OK, sometimes the murders were nasty and there were characters I hated, but there was such a reassuring sameness, plus rural English scenery porn, and charm, and British English and the fact that Tom and Joyce had a happy, but normal feeling marriage. I loved Cully's stint as a travel agent, and the recurring actors and picking out at least one actor with Whovian associations in almost every episode. (Toby Jones as the occasional replacement ME.) I liked Troy's arc to actually becoming a DI, although his flirtation with Cully was MEH! I thought Scott was lame and didn't mind his being put on a bus. I ended up REALLY liking Jones. It was hilarious how any of them could develop a skill, association or history the minute it was needed for a plot point (singing, playing cricket--twice) and then never be heard from again.
Midsomer Murders is one of those shows that just reinforces all the worst aspects of my Anglo-philia and makes me desperate WANT to be British and get back to the UK, although presumably NOT spend too much time in any of those small counties, since the death toll is unfortunately high.
Wanting to stay in "Cosy-land," we've now started Inspector Morse from the beginning and are doing the Lewis episodes (even though we'd seen most of them on Masterpiece Mystery) that are on Netflix. We've done some A Touch of Frost, although that's much bleaker. Midlands, not so charming.
As I mentioned in my post about the first episode of Broadchurch, I'm afraid Midsomer has ruined me a bit for any British detective taking more than 102 minutes to solve a murder. Tom and any of his Detective Sergeants would have had this Danny Latimer thing wrapped up and be back home for one of Joyce's failed culinary attempts in one episode.
Other fabulous things about Midsomer Murders:
1. I learned the phrase "toe rag." (Came in handy when we started watching A Touch of Frost.)
2. Dr. Bullard, especially this bit of dialogue:
Johnny Hammond: Let's face it. What do you get for burglary these days? A holiday in Wales with a social worker?
Dr Bullard: Tenerife if it's serious.
3. Important lesson: Do not attempt blackmail. You will get killed.

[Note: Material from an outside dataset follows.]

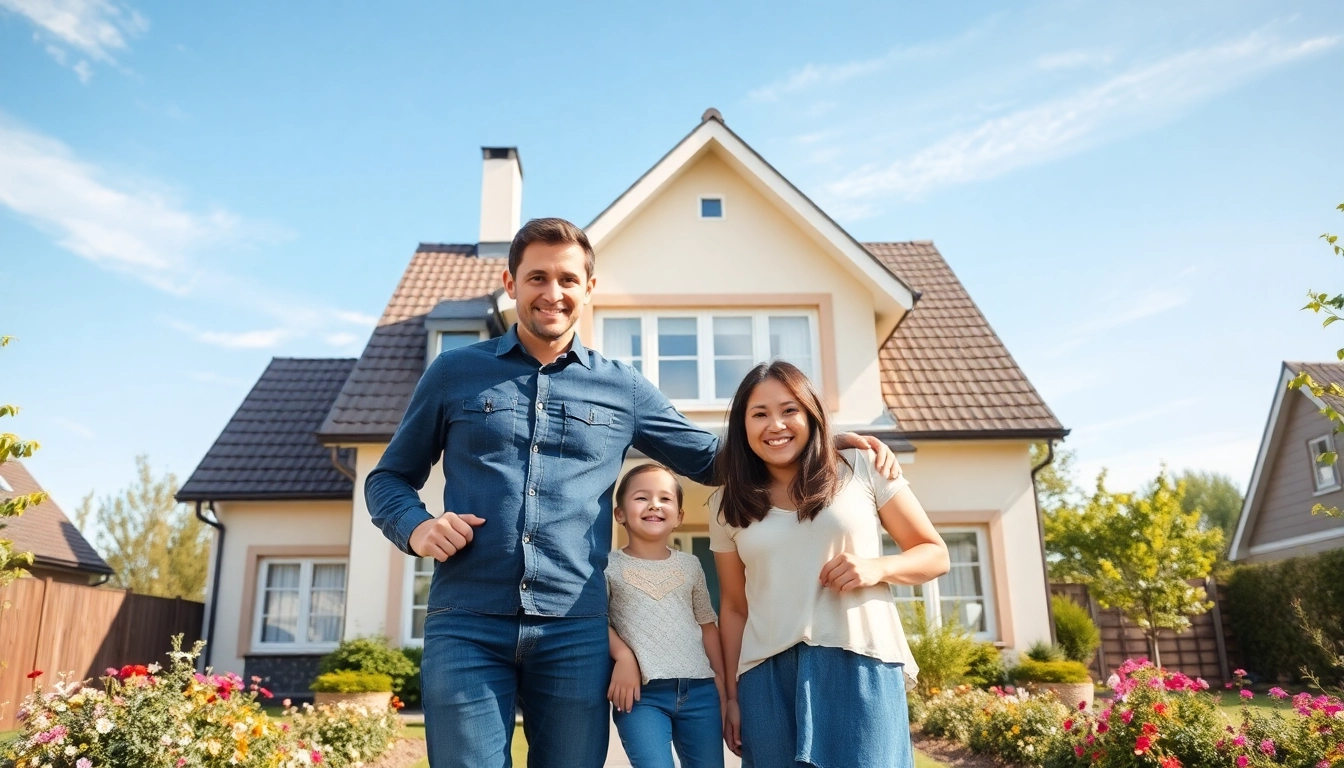 Familie genießt den Hauskauf in ihrem neuen Traumhaus.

4. Class warfare-waged by people who really know how to do it.
5. All Detective Sergeants suck at driving.
6. All land developers ARE eeeeeevil!
7. Best ever scene of a man in denial. Male suspect is literally caught in bed with a younger man. Cut to interrogation room. First words out of his mouth: "I'm not a homosexual."
8. Writers who clearly have no idea how marijuana really works, but there's nothing funnier than Barnaby getting high on pot-laces cookies.
9. All Vicars/Reverends/Priest are at the very least dodgy, some out and out perverts, and a few are downright EEEEEEVIL. Seriously-for a cosy show, there's a strong element of anti-clericalism.
10. Don't let Joyce go anywhere-she will run into a body.
I might try Person of Interest again at some point in the future, but it will be on my own. Hubby will not be involved.